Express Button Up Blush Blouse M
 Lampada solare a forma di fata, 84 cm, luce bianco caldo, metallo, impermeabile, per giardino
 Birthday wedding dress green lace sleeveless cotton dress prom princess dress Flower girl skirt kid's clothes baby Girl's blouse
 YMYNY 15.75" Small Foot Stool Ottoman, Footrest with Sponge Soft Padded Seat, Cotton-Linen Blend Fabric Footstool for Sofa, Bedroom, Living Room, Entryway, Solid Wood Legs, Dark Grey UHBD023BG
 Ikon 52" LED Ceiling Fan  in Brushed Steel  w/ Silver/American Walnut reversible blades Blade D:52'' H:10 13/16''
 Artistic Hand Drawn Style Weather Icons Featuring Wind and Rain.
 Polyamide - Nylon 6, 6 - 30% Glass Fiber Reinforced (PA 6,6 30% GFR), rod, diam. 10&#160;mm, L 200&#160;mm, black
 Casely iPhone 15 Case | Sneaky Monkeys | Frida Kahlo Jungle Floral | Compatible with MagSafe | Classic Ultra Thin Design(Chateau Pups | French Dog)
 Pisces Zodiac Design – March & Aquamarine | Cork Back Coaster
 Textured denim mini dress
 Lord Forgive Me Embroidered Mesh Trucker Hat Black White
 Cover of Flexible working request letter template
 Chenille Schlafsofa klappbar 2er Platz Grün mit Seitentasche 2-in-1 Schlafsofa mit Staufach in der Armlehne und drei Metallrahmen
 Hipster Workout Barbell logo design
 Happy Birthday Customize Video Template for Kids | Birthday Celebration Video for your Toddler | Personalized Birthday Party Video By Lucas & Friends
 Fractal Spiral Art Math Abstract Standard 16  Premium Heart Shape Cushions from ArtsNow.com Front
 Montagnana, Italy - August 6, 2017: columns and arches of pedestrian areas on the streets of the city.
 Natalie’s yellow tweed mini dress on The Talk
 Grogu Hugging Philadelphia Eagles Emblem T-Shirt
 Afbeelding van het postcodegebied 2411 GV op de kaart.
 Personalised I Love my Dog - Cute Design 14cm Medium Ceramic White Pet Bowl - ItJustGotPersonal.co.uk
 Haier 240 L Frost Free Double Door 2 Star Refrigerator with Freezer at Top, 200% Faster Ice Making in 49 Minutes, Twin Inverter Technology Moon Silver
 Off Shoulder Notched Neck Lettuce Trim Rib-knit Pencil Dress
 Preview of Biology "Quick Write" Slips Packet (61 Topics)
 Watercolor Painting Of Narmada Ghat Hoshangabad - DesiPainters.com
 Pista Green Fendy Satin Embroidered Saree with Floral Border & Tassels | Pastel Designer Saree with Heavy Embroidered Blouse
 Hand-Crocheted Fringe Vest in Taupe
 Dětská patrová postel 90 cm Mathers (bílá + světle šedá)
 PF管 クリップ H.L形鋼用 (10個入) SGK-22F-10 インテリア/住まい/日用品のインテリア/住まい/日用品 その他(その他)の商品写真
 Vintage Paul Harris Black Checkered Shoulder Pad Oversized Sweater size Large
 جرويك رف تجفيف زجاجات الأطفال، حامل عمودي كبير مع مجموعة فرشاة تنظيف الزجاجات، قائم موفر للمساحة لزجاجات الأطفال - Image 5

━━━

* **WHAT IS BEING ASKED**:
Extract every line above that contains the word "Silver".

* **WRITTEN SOLUTION**:
 Ikon 52" LED Ceiling Fan  in Brushed Steel  w/ Silver/American Walnut reversible blades Blade D:52'' H:10 13/16''
 Haier 240 L Frost Free Double Door 2 Star Refrigerator with Freezer at Top, 200% Faster Ice Making in 49 Minutes, Twin Inverter Technology Moon Silver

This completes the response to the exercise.